Thank you very much.

Answer 1

Hint:

\begin{align} \frac{q_1}{p_1}+\frac{q_1 q_2}{p_1 p_2} &= \frac{q_1}{p_1} \left( 1+\frac{q_2}{p_2} \right) \\ &= \frac{q_1}{p_1 p_2} \end{align}

Updates for further thoughts:

The sum is not as trivial as we think at first glance.

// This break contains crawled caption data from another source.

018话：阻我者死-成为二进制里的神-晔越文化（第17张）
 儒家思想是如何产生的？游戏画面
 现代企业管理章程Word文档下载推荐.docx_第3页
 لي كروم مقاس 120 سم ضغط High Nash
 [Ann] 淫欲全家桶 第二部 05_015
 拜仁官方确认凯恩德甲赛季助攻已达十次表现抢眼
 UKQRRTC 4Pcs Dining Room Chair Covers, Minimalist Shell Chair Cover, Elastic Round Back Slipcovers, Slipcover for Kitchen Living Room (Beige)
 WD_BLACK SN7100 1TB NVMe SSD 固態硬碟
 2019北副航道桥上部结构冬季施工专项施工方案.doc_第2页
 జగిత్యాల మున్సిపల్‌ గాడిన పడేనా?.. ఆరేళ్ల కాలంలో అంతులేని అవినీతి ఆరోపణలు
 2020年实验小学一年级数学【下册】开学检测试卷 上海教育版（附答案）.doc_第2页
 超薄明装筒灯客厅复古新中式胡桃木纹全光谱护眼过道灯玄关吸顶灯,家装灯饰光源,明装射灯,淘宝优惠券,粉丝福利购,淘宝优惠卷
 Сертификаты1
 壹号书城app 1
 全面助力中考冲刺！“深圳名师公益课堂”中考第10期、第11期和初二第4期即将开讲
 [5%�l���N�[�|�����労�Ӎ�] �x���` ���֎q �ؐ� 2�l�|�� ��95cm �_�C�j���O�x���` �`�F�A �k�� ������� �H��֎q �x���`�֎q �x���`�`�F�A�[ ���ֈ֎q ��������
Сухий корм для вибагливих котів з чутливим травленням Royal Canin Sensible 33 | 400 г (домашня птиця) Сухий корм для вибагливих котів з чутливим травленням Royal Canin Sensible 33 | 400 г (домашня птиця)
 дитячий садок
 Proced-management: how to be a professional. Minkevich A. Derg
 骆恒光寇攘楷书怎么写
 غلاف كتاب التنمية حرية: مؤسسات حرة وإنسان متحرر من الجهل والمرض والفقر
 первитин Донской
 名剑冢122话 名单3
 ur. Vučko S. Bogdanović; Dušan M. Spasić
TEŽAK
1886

First of all, we write the sum into Horner's form

$$S_n=\frac{q_1}{p_1} \left \{ 1+\frac{q_2}{p_1} \left[ 1+\ldots+\frac{q_{n-1}}{p_{n-1}} \left( 1+\frac{q_n}{p_n} \right) \right] \right \}$$

and the summary for the first few cases: \begin{align} S_1 &= \frac{q_1}{p_1} \\ S_2 &= \frac{q_1}{p_1 p_2} \\ S_3 &= \frac{q_1(q_2+p_2 p_3)}{p_1 p_2 p_3} \\ S_4 &= \frac{q_1(q_2 q_3+p_3 p_4)}{p_1 p_2 p_3 p_4} \\ S_5 &= \frac{q_1[q_2(q_3 q_4+p_4 p_5)+p_2 p_3 p_4 p_5]} {p_1 p_2 p_3 p_4 p_5} \\ S_6 &= \frac{q_1[q_2 q_3(q_4 q_5+p_5 p_6)+p_3 p_4 p_5 p_6]} {p_1 p_2 p_3 p_4 p_5 p_6} \\ S_7 &= \frac{q_1 \{q_2 [q_3 q_4(q_5 q_6+p_6 p_7)+p_4 p_5 p_6 p_7]+ p_2 p_3 p_4 p_5 p_6 p_7 \}} {p_1 p_2 p_3 p_4 p_5 p_6} \\ \end{align}

Answer 2

let $$ \frac {q_1} {p_1} + \frac {q_1 q_2} {p_1 p_2} + \cdots + \frac {q_1q_2 \cdots q_n} {p_1 p_2 \cdots p_n}=\frac{a_n}{p_1p_2\cdots p_n} $$

$\implies a_1=q_1$ and $a_np_{n+1}+q_1q_2\cdots q_{n+1}=a_{n+1}$.